Data provided =>
+ + + + + + +

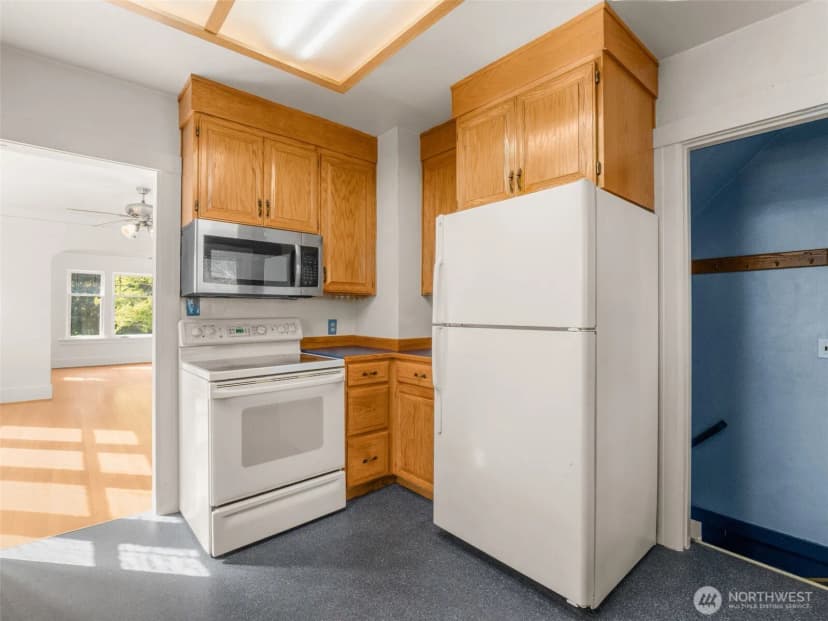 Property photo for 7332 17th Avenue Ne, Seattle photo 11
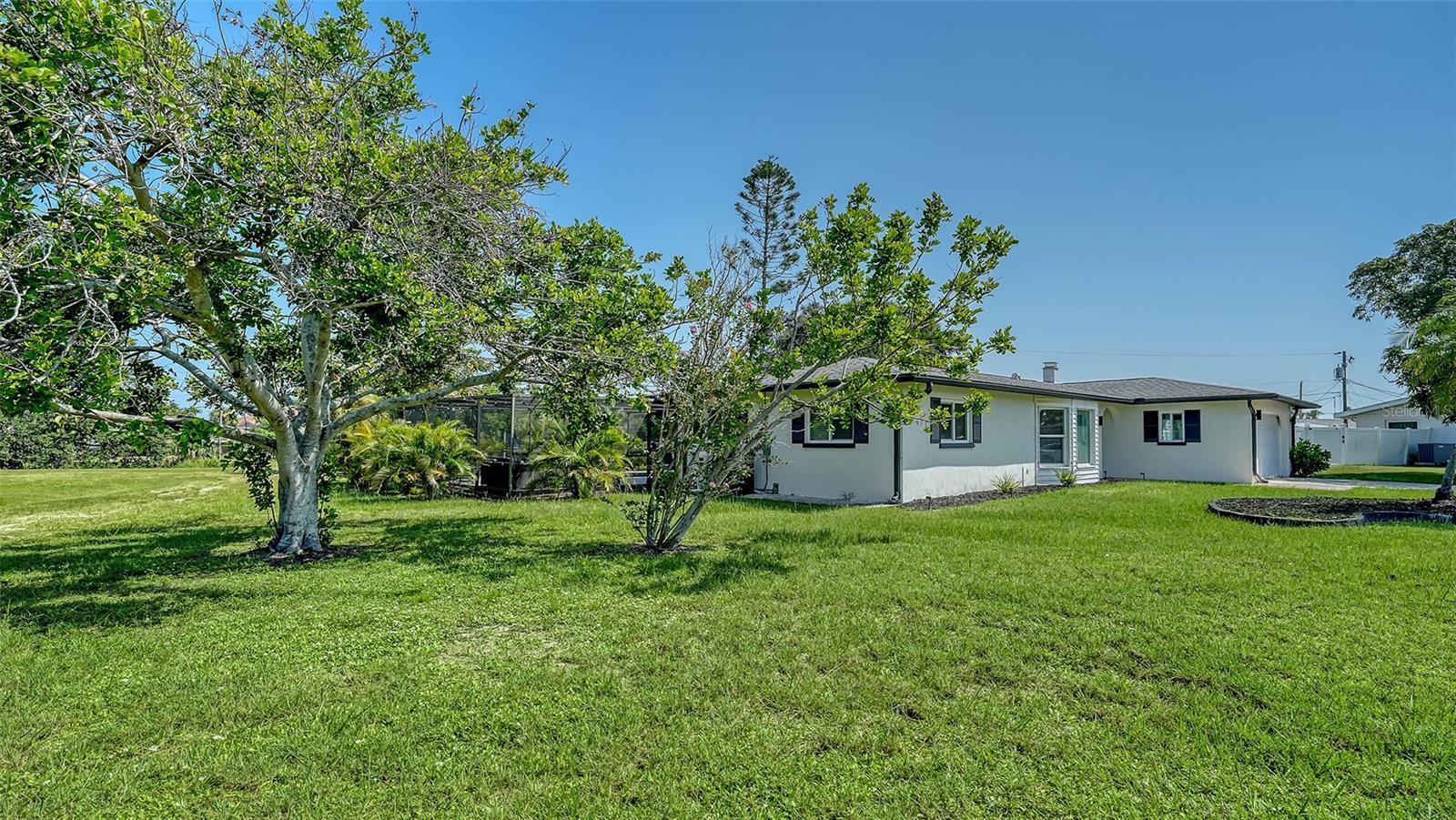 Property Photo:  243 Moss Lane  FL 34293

+ + + + + + +

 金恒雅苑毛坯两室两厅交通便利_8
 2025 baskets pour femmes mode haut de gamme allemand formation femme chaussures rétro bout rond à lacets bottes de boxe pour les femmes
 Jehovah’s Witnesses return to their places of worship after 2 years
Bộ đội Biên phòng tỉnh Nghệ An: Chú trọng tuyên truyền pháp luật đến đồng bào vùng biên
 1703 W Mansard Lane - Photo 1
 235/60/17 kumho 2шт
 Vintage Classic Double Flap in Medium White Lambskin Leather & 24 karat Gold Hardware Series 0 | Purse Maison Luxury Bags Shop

+ + + + + + +

What is required => From the listing above, repeat only the lines between the line containing "Property photo for" and the line containing "243 Moss Lane", those two included. Pictures are not part of the copy.

Exercise result =>
 Property photo for 7332 17th Avenue Ne, Seattle photo 11
 Property Photo:  243 Moss Lane  FL 34293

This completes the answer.